I’d Let You Watch

Leave it to the 1980s to spawn a world wide hit that comes from a rock-musical about two chess Grandmasters playing in the Thai capital of Bangkok, written by ABBA and Tim Rice (famous for being Elton John’s and Andrew Lloyd Weber’s lyricist).  But “One Night in Bangkok,” is both catchy, exotic, and very witty (if not at time offensive).

One Night In Bangkok

There is really little to say about this song: It is the musical scene were an American TV analyst (played by Murray Head, a successful British stage and television actor whose brother is also well known for play Giles on the Joss Whedon series Buffy the Vampire Slayer), discusses his love for the intellectual purity of chess, and his disdain for the exotic, Asian capital.  Thailand is the wrong place for the cerebral pursuits he is here to observe, and nothing sums this up better than the line “I’d let you watch/ I would invite you/ but the Queens we use would not excite you.”  Playful, insulting, and a not-so-tongue-in-cheek sexual reference to gay-male prostitutes, he is basically saying what thrills you is but the opposite of what thrills him.
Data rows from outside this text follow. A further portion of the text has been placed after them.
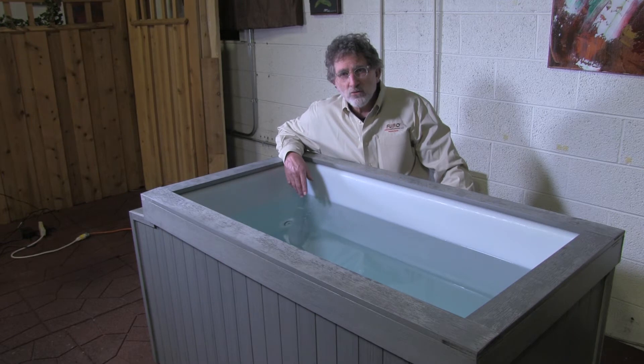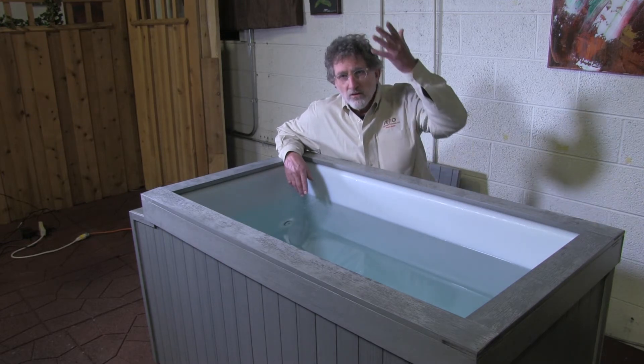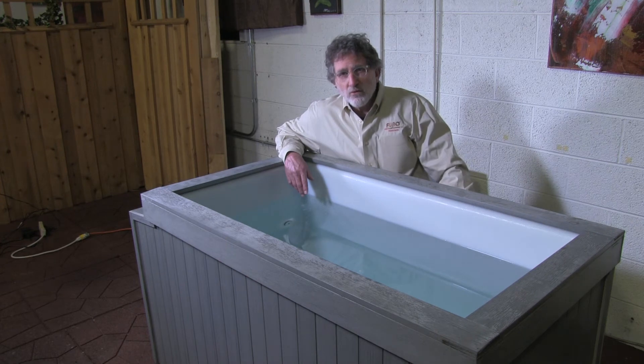Ozone is made by lightning; it's made by UV energy from the sun touching the atmosphere, and that's where we get the ozone layer around the earth. It's a very natural sanitizer and it's a perfect sanitizer for a tub.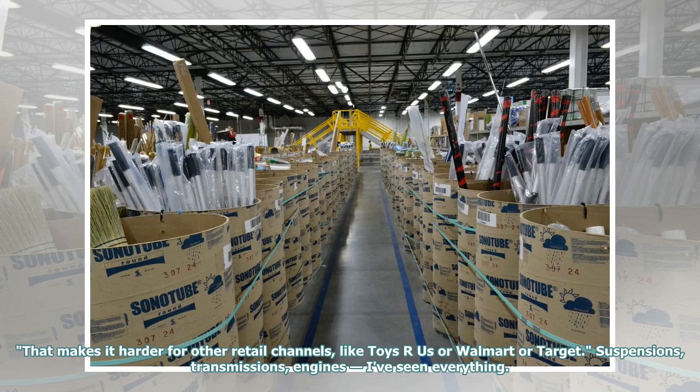That makes it harder for other retail channels, like Toys R Us or Walmart or Target.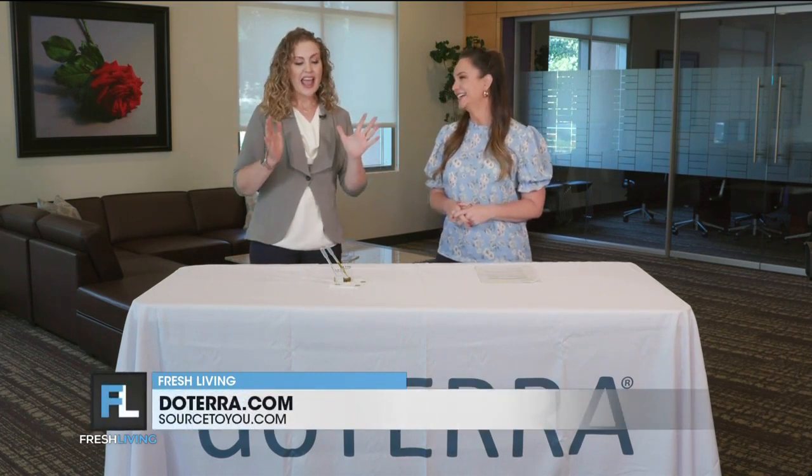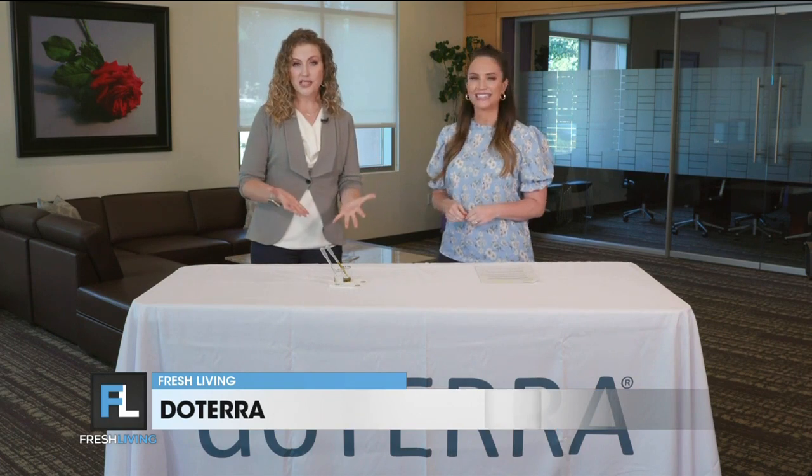Our kids are back in school and we might have science projects coming up. Do you have any ideas for us? Oh gosh, this is where I nerd out, as my kids know. I love science fair, and parents, you don't need to be too intimidated because there are lots of great ideas that are really simple to do for a science fair project. I'm going to show you one today.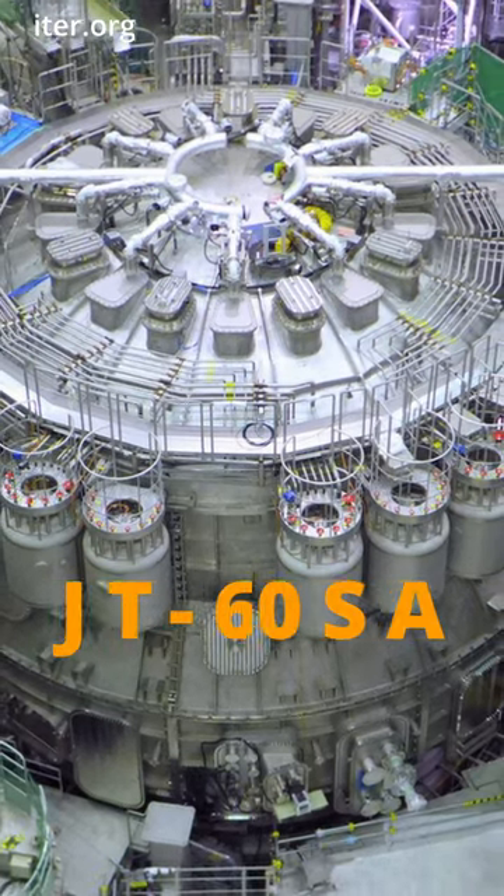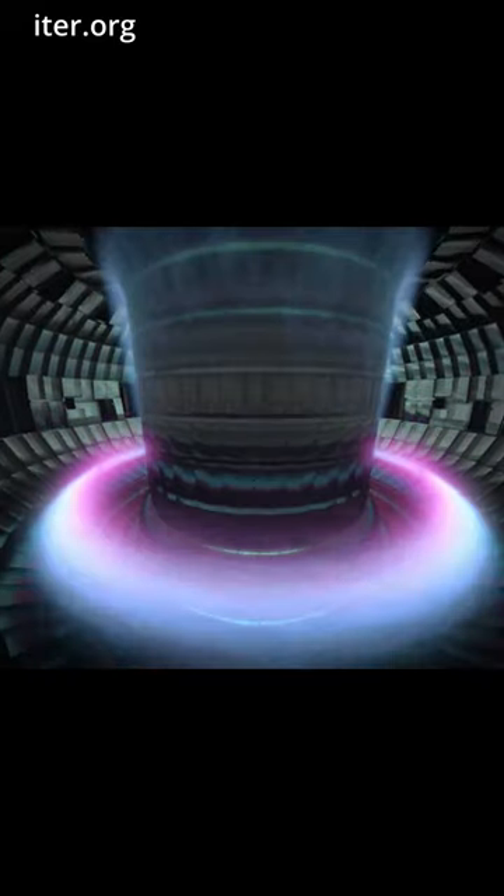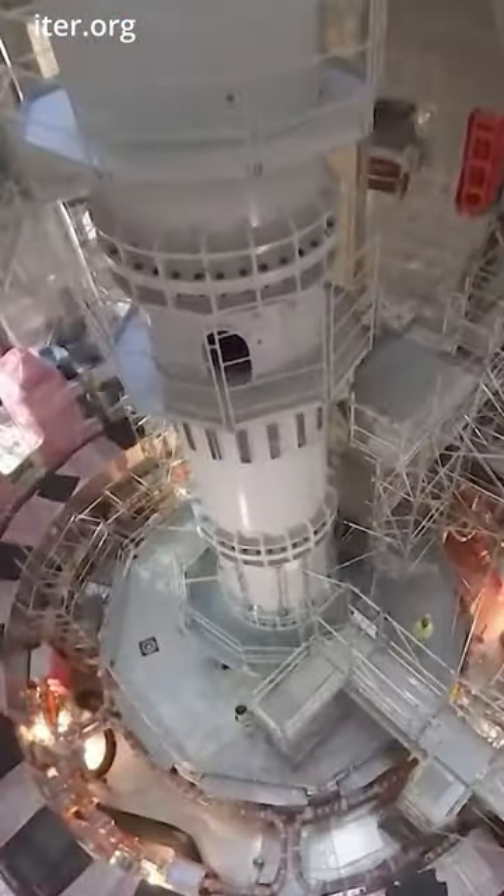Japan just powered up JT-60SA, the world's largest fusion reactor using magnetic fields. It's aiming to fuse hydrogen nuclei, releasing mega energy. This four-story beast can handle 200 million degrees Celsius for 100 seconds.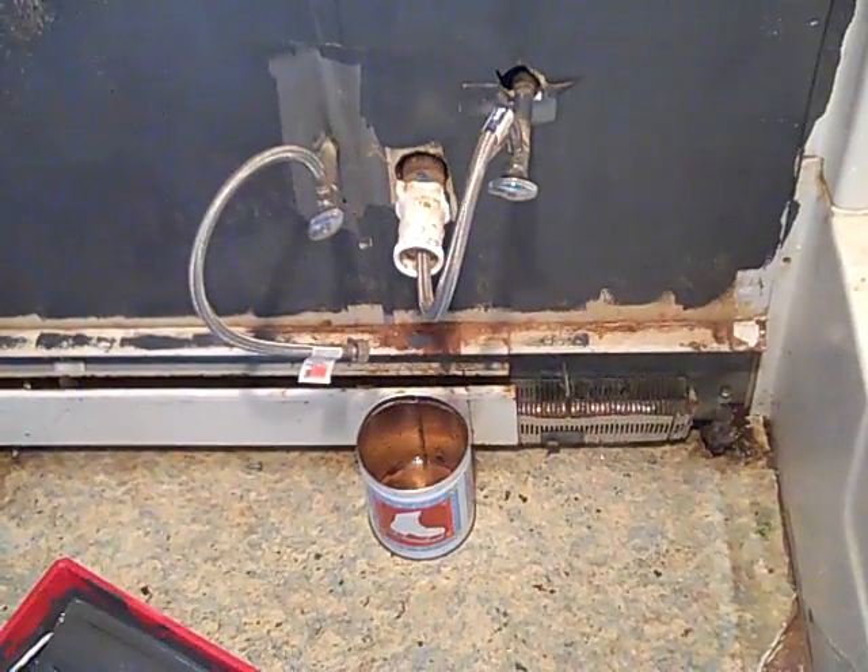I got a little drip going on right there, as you can see. It's going down.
This song makes the list simply because, as a junior high kid, I knew every word, but understand maybe half of what it said or implied. It was not until I was in college that I even knew the song came from a musical, and I really didn’t bother to learn more than that.  I love playing it now to friends my age, and pointing out it is about the game of chess, and a put-down to Thai culture. Ultimately the Thailand Mass Communication Organization banned the song, saying it perpetuated a misunderstanding about Thailand and disrespected Buddhism.

The video for the song is a horrible 1980s video: And of course it would be.